Eggplants are attractive, tender herbaceous perennials normally grown as annuals. Their purple flowers and large, purple-tinged leaves combine with colorful fruit to make them a stunning addition for a vegetable or flower garden. Eggplants are a warm-weather crop, thriving in heat and humidity that makes other crops wilt. It's best to grow eggplants in a part of the garden where you haven't grown related crops, including tomatoes, potatoes, and peppers, within the last 3 or 4 years. Many pests of eggplants are pests of these related plants too.
Choosing a site to grow eggplants
Select a site with full sun and fertile, well-drained soil. repare the garden bed by using a garden fork or tiller to loosen the soil to a depth of 12 to 15 inches, then mix in a 2- to 4-inch layer of compost.
Start plants indoors in flats or peat pots about 2 months before the soil warms up in your region, or buy nursery transplants just before planting. Cover planting beds with black plastic to warm heavy clay soils. Set out the transplants when all spring frost danger is past, spacing plants 18 to 24 inches apart.

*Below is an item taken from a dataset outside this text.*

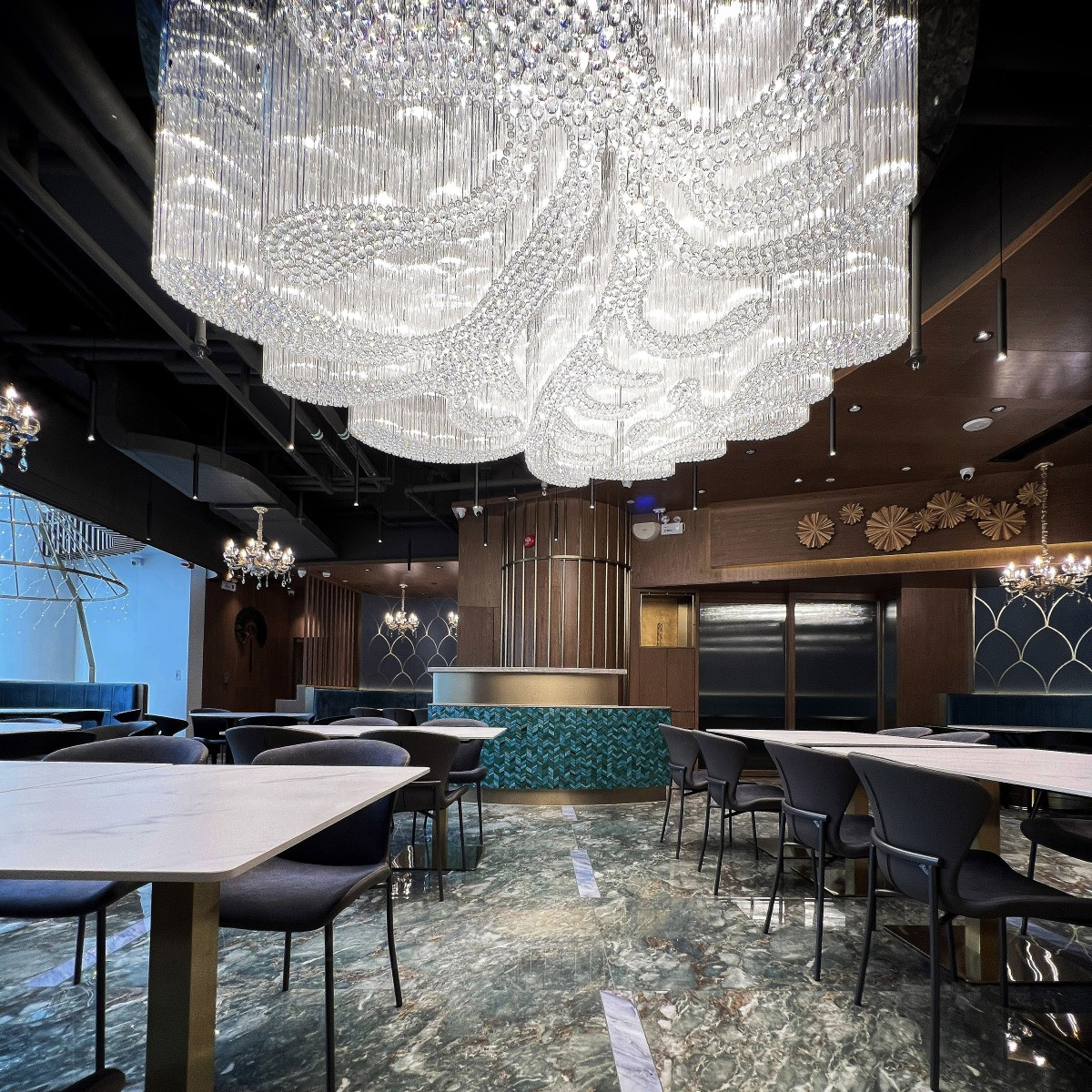 Love Veggie Restaurant by Ting Fai Chu Silver Interior Space and Exhibition Design Award Winner 2022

Add an organic mulch to retain moisture and control weeds after the soil has completely warmed up, about 1 month after setting out transplants. Water plants during the summer if rainfall is less than 1 inch per week. Contact your local County Extension office for controls of common eggplant pests such as flea beetles, Colorado potato beetles, and tomato hornworms.
How to harvest eggplants
Most eggplants can be harvested when they are 4 to 5 inches long. The skin should be shiny; dull skin is a sign that the eggplant is overripe. Use a sharp knife and cut the eggplant from the plant, leaving at least 1 inch of stem attached to the fruit.